# Some pics of my slingshots/square elastic



## Pavel8303 (Jan 13, 2010)

Some pics of slingshots we use in Czech Republic. ( 2 x 5x5mm and 6mm) 
The square rubber is mainly used because of its low price and still good quality,but unfortunately dicreasing very fast.
I have bought a new elastic today,fixed it but didn´t test it for the moment,think it will be more powerfull than the grey one...to be continued.



 



by the way,square rubber needs a special treatement,stretch them for some hours to get better elasticity/performance,put some vegetal oil on ,it also helps and they will last much longer .

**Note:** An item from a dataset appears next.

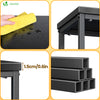 Console table 2 niveaux style industriel en metal et MDF 80x24x80 cm Noir - voonot.com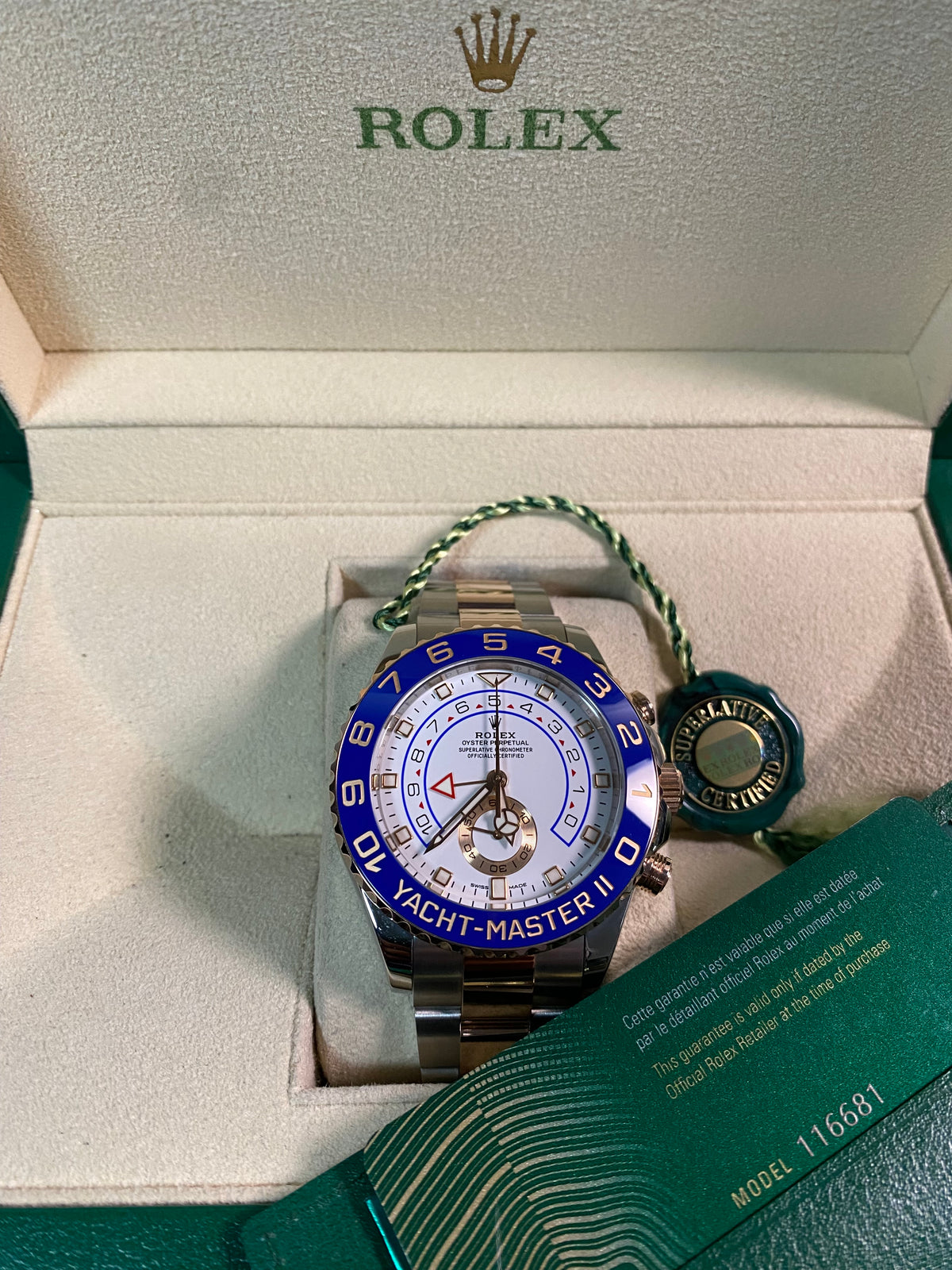 Rolex Steel and Everose Gold Yacht-Master II - 2020 - Blue Bezel - White Dial - 116681 *FULL SET*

(25 cm stretched to 125 cm ) 


Some shots with both slingshots at 2 meters,off course double bands are better but we can´t see the difference here,every ones went through very easily and made a big noise in the wall behind.


 
Need to find something to be able to compare the power with gold flatbands .( not a motocycle helmet







)


----------



## smitty (Dec 17, 2009)

Yeah you got it right! Shooting at motorcycle helmets breaks windows!


----------



## TRUGREEN (Dec 19, 2009)

Nice Slingshots!


----------



## JoergS (Dec 17, 2009)

Very good to see you here, Pavel (who is my 1000st subscriber)! I am sending your slingshot out today, equipped with flat band. I hope you will let us know how it compares to yours.

Jörg


----------



## Pavel8303 (Jan 13, 2010)

JoergS said:


> Very good to see you here, Pavel (who is my 1000st subscriber)! I am sending your slingshot out today, equipped with flat band. I hope you will let us know how it compares to yours.
> 
> Jörg


Great,it will be a pleasure to test one of yours slingshots !!!


----------



## p4v_singh (Dec 21, 2009)

when will you be giving out other prizes any pictiular number?


----------



## Flatband (Dec 18, 2009)

Hi Pavel,
I'm curious, how many shots on average are you getting with those cube(square bands) and what type (size) ammo do you shoot? A test I did years ago showed they (cubes) last longer then all other band types. Flatband


----------



## Pavel8303 (Jan 13, 2010)

Flatband said:


> Hi Pavel,
> I'm curious, how many shots on average are you getting with those cube(square bands) and what type (size) ammo do you shoot? A test I did years ago showed they (cubes) last longer then all other band types. Flatband


Hello Flat







,

i am using marbles,steel balls (10-15mm ) and some home made lead ammo you can see on the pics....for the moment i have made only aroud 500 shots but cubic rubber last very very long,even if you are a slingshot maniac







I will told you if it breaks but think it not will be this year .


----------



## slingshotwannabe (Oct 17, 2011)

thank you so much for the technic about the square elastic. i'll try that


----------



## Charles (Aug 26, 2010)

It is interesting that square bands are readily available in Central America and other parts of the world, but are difficult to find in the US and Canada. I wonder why that is? Do the square bands have a use other than slingshots in the Czech Republic?

Cheers ........ Charles


----------



## harson (Oct 21, 2011)

£3.75 per metre from www.highlandhorn.com
i just ordered 5 metres to try out /give to friends to try


----------



## Xidoo (Aug 14, 2010)

I have never used this kind of bands. I wish, I could have the chance to use them. Saludos







.


----------



## slingshotwannabe (Oct 17, 2011)

Pavel thank you so much.







It works. now I can use square band with ease. I used coconut oil because I don't have vegetable oil but it works.
here is the pic of my slingshot with square band thanks to you












  








my new slingshot with square band




__
slingshotwannabe


__
Nov 14, 2011




homemade slingshot


----------



## ZDP-189 (Mar 14, 2010)

I like those forks. They have an old world charm and they're some of the best bark-on forks I have seen.


----------